Wayne Westerberg offers Chris McCandless a place that he later regards as home, and he proves to be a close friend who never pressures McCandless to reveal more than he wants. McCandless first hitches a ride with Westerberg and intends to keep moving along, but Westerberg offers him a job and a place to live, so McCandless returns to Carthage. Westerberg’s welcoming house proves to be a sanctuary for McCandless. After living in Carthage, McCandless starts telling people he’s from South Dakota when asked. McCandless returns to work for Westerberg on several occasions over the course of his time roaming the United States. Westerberg remembers McCandless as a hard and uncomplaining worker. McCandless did the jobs no one else wanted to because they were tedious or dirty. Throughout his travels, McCandless keeps in touch with Westerberg, and he intends to come back and work for Westerberg again after his “great Alaskan odyssey.” Westerberg believes McCandless meant to keep that promise, and he struggles with the fall harvest in 1992 because he counted on McCandless’s help.

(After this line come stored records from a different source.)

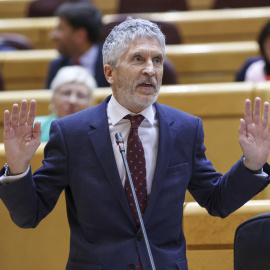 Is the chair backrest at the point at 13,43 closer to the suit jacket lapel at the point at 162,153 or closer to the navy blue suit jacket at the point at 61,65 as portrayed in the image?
the navy blue suit jacket at the point at 61,65

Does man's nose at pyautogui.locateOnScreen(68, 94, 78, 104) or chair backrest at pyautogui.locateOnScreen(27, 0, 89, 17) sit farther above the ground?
chair backrest at pyautogui.locateOnScreen(27, 0, 89, 17)

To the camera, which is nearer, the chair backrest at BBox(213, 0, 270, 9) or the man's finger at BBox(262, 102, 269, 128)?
the man's finger at BBox(262, 102, 269, 128)

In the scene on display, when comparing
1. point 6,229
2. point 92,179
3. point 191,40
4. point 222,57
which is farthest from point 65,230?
point 191,40

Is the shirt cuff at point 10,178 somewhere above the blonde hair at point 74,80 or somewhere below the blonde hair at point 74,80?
above

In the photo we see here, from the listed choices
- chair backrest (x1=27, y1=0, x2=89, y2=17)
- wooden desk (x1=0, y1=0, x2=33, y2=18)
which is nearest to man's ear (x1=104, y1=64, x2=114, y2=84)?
chair backrest (x1=27, y1=0, x2=89, y2=17)

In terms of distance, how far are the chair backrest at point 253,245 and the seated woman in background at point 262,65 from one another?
3.13 feet

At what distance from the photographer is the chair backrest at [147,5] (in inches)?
92.9

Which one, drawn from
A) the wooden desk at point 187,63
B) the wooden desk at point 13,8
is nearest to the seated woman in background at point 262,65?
the wooden desk at point 187,63

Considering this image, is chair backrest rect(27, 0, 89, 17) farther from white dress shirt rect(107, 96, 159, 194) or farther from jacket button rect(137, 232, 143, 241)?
jacket button rect(137, 232, 143, 241)

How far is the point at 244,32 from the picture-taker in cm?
223

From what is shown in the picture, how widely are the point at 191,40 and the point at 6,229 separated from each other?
140cm

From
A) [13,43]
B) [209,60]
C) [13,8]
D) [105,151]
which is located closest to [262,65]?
[209,60]

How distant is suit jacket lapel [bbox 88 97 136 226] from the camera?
722 mm

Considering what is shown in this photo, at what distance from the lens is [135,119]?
2.49ft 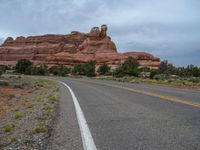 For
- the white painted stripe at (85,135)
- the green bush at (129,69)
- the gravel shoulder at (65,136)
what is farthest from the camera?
the green bush at (129,69)

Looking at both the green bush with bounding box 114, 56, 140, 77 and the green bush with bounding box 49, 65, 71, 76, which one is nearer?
the green bush with bounding box 114, 56, 140, 77

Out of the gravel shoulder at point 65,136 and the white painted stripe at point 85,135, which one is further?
the gravel shoulder at point 65,136

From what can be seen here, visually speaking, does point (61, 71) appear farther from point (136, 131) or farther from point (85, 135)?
point (85, 135)

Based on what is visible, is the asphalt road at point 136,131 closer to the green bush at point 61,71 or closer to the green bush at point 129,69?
the green bush at point 129,69

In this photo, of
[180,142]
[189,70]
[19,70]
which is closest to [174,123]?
[180,142]

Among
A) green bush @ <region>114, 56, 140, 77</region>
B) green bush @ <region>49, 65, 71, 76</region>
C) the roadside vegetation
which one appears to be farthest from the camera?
green bush @ <region>49, 65, 71, 76</region>

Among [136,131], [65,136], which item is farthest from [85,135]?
[136,131]

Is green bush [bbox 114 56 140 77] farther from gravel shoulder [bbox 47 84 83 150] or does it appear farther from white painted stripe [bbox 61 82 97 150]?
gravel shoulder [bbox 47 84 83 150]

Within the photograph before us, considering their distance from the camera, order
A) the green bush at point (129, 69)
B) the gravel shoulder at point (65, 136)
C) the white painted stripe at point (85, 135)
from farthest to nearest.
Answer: the green bush at point (129, 69) < the gravel shoulder at point (65, 136) < the white painted stripe at point (85, 135)

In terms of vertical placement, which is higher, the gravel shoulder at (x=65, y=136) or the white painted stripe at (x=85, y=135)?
the white painted stripe at (x=85, y=135)

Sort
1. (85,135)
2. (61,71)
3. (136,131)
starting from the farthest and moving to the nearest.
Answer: (61,71)
(136,131)
(85,135)

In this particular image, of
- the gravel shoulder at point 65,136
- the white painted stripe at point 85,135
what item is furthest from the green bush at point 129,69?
the gravel shoulder at point 65,136

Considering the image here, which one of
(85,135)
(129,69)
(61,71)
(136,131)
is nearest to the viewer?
(85,135)

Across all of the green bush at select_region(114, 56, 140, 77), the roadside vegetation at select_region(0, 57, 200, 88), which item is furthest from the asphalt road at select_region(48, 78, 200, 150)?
the green bush at select_region(114, 56, 140, 77) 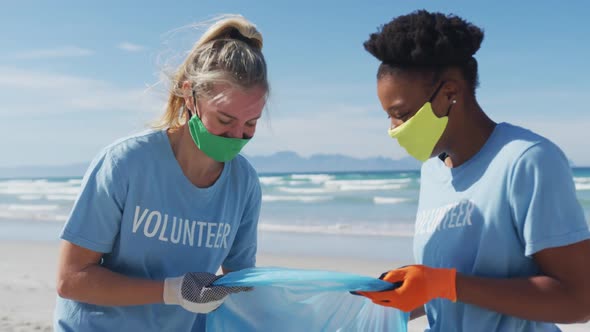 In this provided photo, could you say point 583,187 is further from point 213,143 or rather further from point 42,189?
point 42,189

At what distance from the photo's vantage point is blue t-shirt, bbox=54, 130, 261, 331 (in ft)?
7.29

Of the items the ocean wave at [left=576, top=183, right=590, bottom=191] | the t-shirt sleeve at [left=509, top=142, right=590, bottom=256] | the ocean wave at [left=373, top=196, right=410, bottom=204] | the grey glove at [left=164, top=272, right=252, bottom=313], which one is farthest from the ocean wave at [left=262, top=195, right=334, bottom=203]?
the t-shirt sleeve at [left=509, top=142, right=590, bottom=256]

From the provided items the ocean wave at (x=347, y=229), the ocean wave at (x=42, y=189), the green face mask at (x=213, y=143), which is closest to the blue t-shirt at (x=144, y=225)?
the green face mask at (x=213, y=143)

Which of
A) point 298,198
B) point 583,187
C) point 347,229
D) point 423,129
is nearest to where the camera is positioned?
point 423,129

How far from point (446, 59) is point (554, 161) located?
0.48 meters

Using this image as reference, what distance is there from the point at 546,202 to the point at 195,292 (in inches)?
46.1

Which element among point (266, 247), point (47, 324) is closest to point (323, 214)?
point (266, 247)

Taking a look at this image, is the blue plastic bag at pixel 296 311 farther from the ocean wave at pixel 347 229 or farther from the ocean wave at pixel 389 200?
the ocean wave at pixel 389 200

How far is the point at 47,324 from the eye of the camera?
620cm

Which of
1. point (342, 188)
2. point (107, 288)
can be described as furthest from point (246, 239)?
point (342, 188)

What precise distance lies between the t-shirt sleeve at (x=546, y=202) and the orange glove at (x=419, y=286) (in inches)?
9.6

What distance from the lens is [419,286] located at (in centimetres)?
196

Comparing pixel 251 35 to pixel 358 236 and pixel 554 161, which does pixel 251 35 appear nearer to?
pixel 554 161

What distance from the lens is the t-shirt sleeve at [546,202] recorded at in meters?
1.82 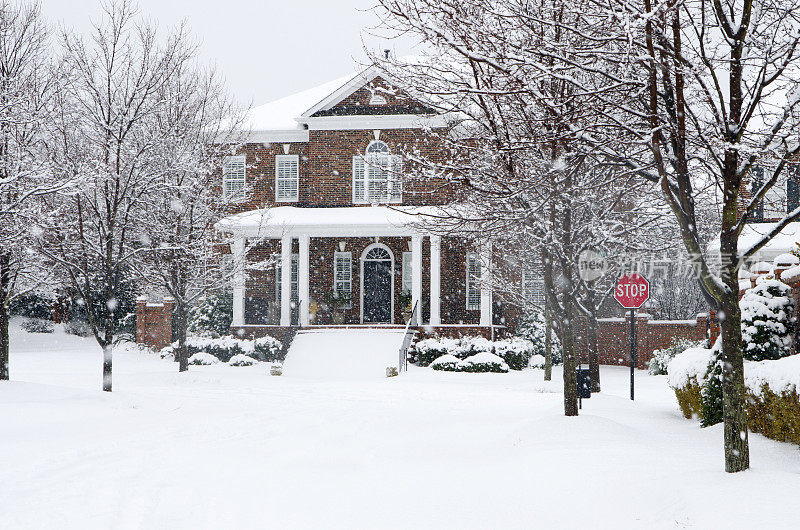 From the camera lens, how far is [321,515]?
6059 mm

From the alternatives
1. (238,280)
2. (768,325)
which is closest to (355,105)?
(238,280)

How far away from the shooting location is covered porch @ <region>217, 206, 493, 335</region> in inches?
965

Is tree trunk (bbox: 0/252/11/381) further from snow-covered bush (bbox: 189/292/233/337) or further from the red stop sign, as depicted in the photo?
the red stop sign

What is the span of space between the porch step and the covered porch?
3.42 feet

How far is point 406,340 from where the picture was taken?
22.8 metres

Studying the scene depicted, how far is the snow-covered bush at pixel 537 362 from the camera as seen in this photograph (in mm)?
23750

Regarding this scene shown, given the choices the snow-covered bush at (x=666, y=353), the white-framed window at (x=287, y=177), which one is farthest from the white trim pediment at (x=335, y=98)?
the snow-covered bush at (x=666, y=353)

Westerberg first hires McCandless to work on a grain elevator, but McCandless is also a “farmer, welder, businessman, machinist, ace mechanic, commodities speculator, licensed airplane pilot, computer programmer, electronics troubleshooter, [and] video-game repairman,” according to Krakauer. In 1990, Westerberg is arrested for building and selling devices which allowed people to watch satellite television without paying for it. His arrest and subsequent time serving a sentence in Sioux Falls leaves McCandless without an employer and so prompts him to move on. McCandless writes to Westerberg in jail, and he continues to correspond with him until his final postcard before entering the Alaskan wilderness.